Tesla Roadster Electric Car: Is the Time Right?

 
 
By Bill Howard  |  Posted 2006-08-04
 
 
 

On paper, the Tesla Roadster is the electric car thats finally going to revolutionize transportation. I want to see it happen. I hope it happens. If Tesla wants to change the course of history, it has to change the mixed history of electric vehicle (EV) cars. It certainly attracted a wide range of celebrities and tech fans to the launch at its Signature One-Hundred event.

Tesla says it will ship its first Roadsters in mid-2007. The numbers are Corvette-like: 0 to 60 mph in 4 seconds, 250 miles between charges, and recharging in 3.5 hours. So says Tesla. The price however, is more Porsche than Corvette, with the Roadster estimated to sell for $80,000 to $120,000. People buying a Roadster are not clipping PriceChopper coupons.

The Roadster will employ a lithium-ion battery (same as in most laptops and cellphones) rather than lead acid, as used in most cars for starter motors, or nickel-metal hydride, used in most hybrids such as the Toyota Prius. To get the claimed 250 miles, rather than 60 to 100 miles from the previous iteration EVs, it will likely do what all other EVs do: charge the battery all the way up, to 100 percent, then run it all the way down to no charge (ideally you coast into the garage with the last burst of energy as the headlights go dim).

And that, claims Toyota, is the recipe for short-life batteries. At a hybrid technology seminar this spring, Toyota and Lexus said it can get essentially life-of-the-car performance from hybrid batteries, meaning 10-plus years, if they only live in the middle 60 percent of their charge range. Thats easy to do when youve got a small gasoline or diesel engine that can go it alone should the batteries get down to 20 per cent charge. Treat rechargeable car batteries like laptop batteries and youll get a couple good years out of them -- then you need to start thinking about a replacement, but for $2,500 a pop and more, not less than $250.
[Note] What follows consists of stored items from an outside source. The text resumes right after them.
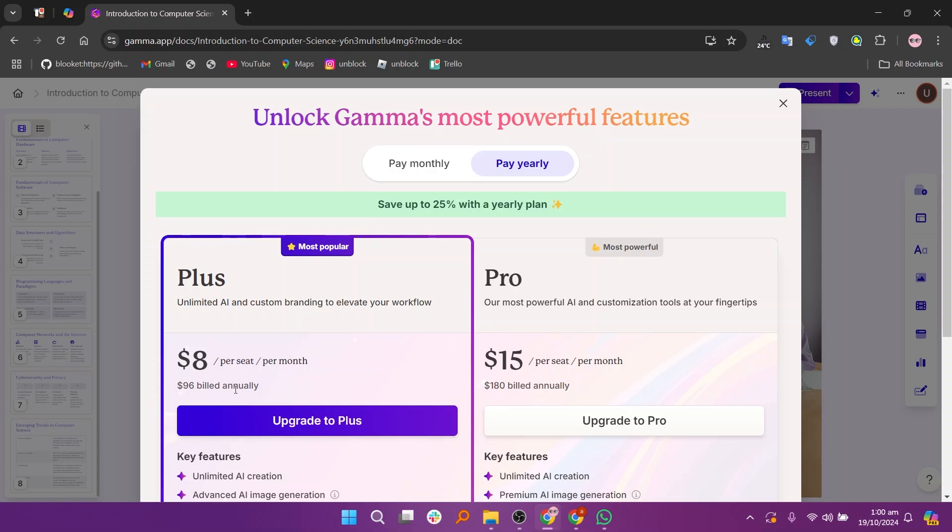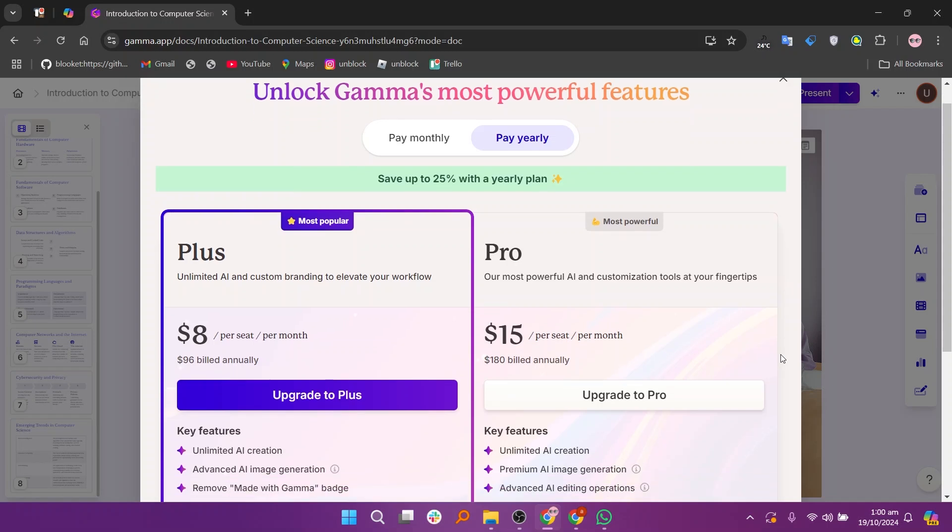Plus plan will cost $8 and the pro plan will cost $15 when billed annually. You can upgrade to the given plans to get additional features.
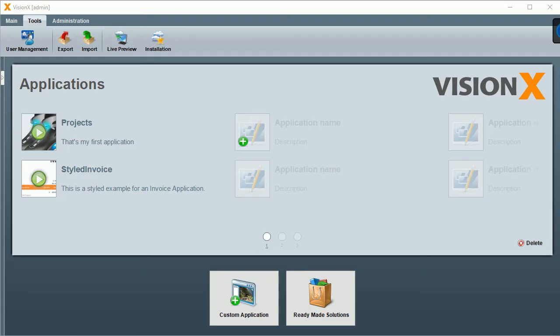Hi, my name is Chelsea from SIB Visions, and today I'm going to give you a quick overview of VisionX.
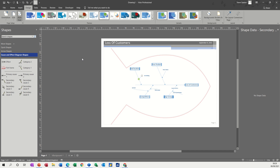Hi guys, welcome to this session on Microsoft Visio. In this module I want to show you how to create a cause and effect diagram. On the screen you can see I've got one already set up, so this is what I want to do. I'm just going to recreate this from scratch so you can see how it is used.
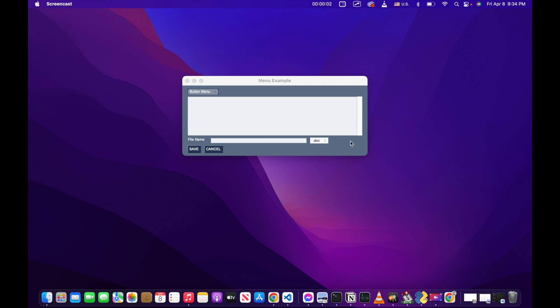All right, guys, welcome back to the channel. What we're going to do today is we're going to talk about how to make menus in Python. This is going to be a difficult one because menus in PySimpleGUI, which we're going to use, look so much better on Windows than they do on Mac.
Electric vehicles get the best mileage when the passengers are uncomfortable. If you run the air conditioning in summer or the heater in winter (to say nothing of flicking on the heated seats) youre cutting into your driving range. Ditto for running 400-watt audio systems. Hills are tough on electric vehicles, too, unless you regenerate power the way hybrids do. Headlights after dark arent good for driving range.
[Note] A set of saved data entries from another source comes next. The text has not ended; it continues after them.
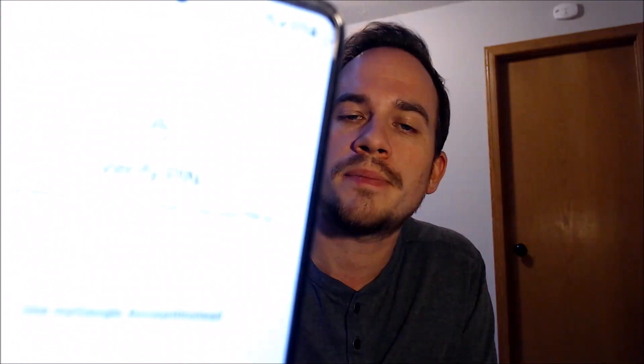Now here with us today, we happen to have a Samsung Galaxy A52 that is the Canadian model, and this is a device that does indeed have the Google account lock enabled because as we can see here, as we're going through the setup steps,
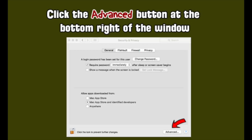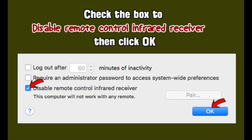Click the Advanced button at the bottom right of the window. Check the box to disable the remote control infrared receiver, then click OK.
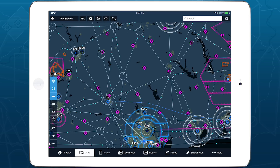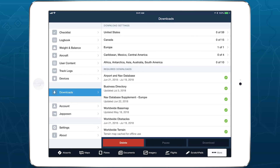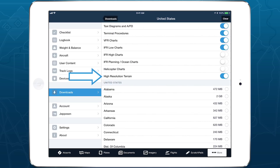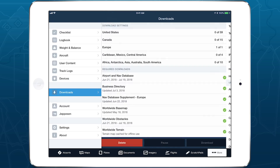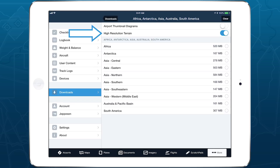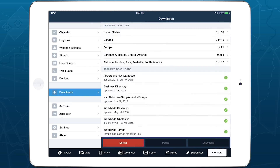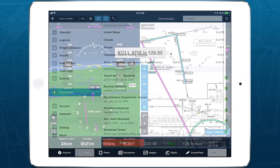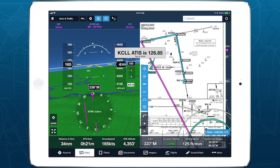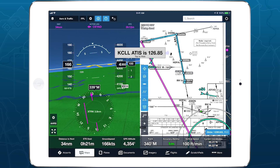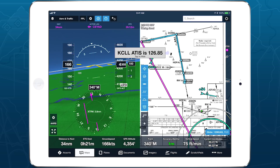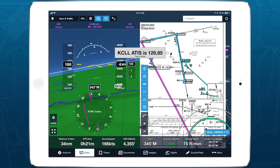To use Synthetic Vision, make sure you select and download high-resolution terrain for whichever regions you plan to fly in, using the settings menus at the top of More, Downloads. Synthetic Vision can double as a backup attitude display when you connect to an AHARS-capable receiver, but that isn't required to use Synthetic Vision or either of the new features in this video.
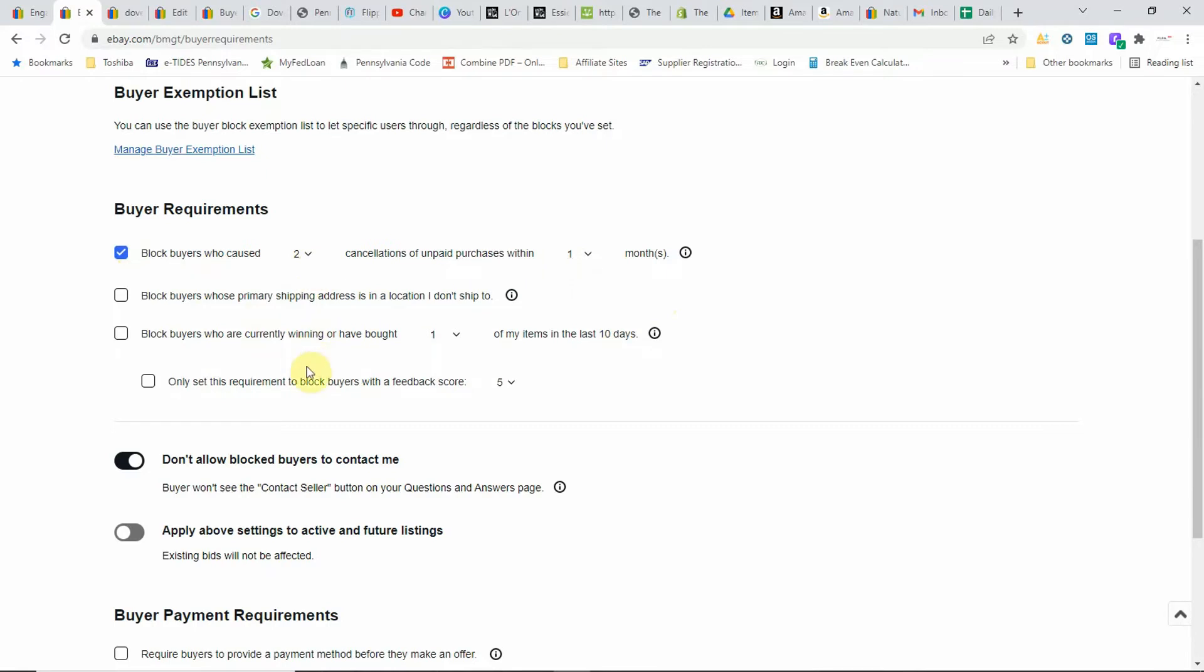If you scroll down to the bottom, here's what we're looking for: buyer payment requirements. Require buyers to provide a payment method before they make an offer. My box was checked. I unchecked it just a couple days ago.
Electric vehicles such as the General Motors EV1 of the 1990s failed because they were just too limited in usefulness for real people to buy. It might serve you fine driving 10 miles to the office, but not for weekend trips to the beach, let alone on vacations or college-search trips.
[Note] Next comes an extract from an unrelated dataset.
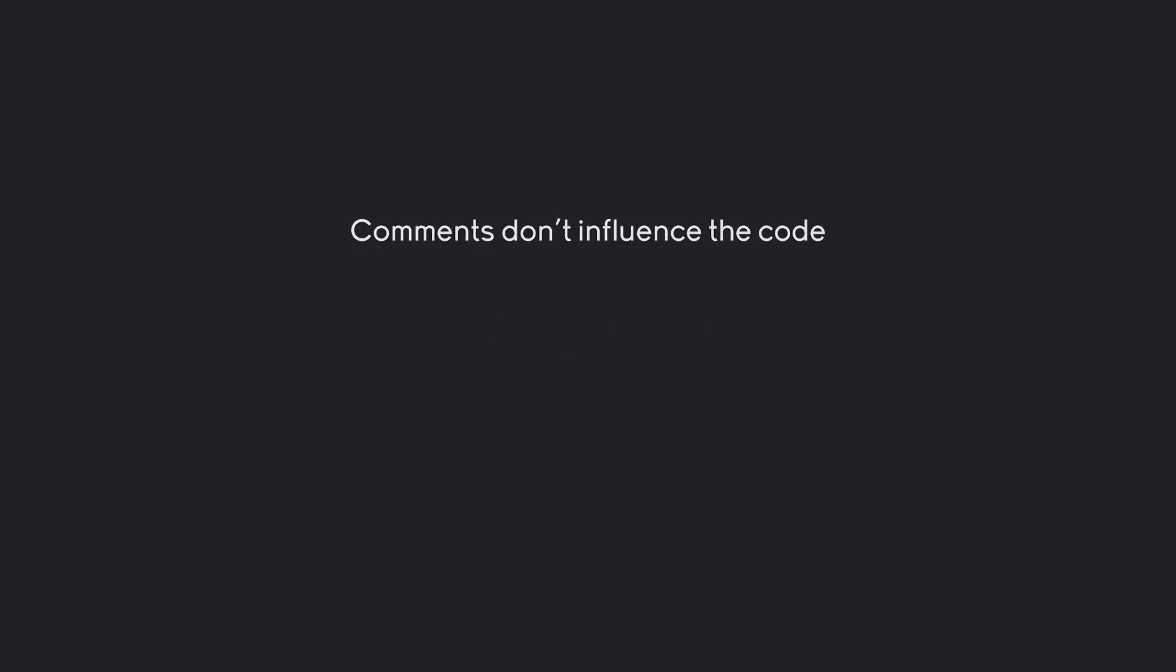A really important thing you have to understand is comments. Comments do not influence your code whatsoever. They are just explaining it, or commenting what your code does.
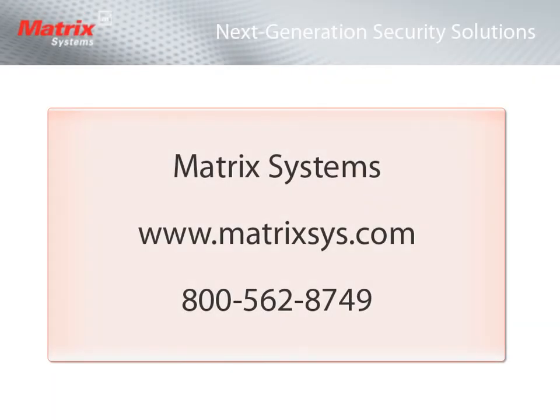For more information about Matrix Systems, you can find us on the web at www.MatrixSys.com or call us at 1-800-562-8749.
Drive it kids-to-carpool-to-mall-to-home and youd probably have enough juice, but it might struggle the last couple miles and the lights would be dimming. A lot of them were either bought by the government or with government subsidies. An EV is not, despite what proponents say, a zero-emissions car, because youre burning coal, oil, or natural gas somewhere to make the electrons that power your car. That said, its probably cleaner overall that a fossil-fuel vehicle.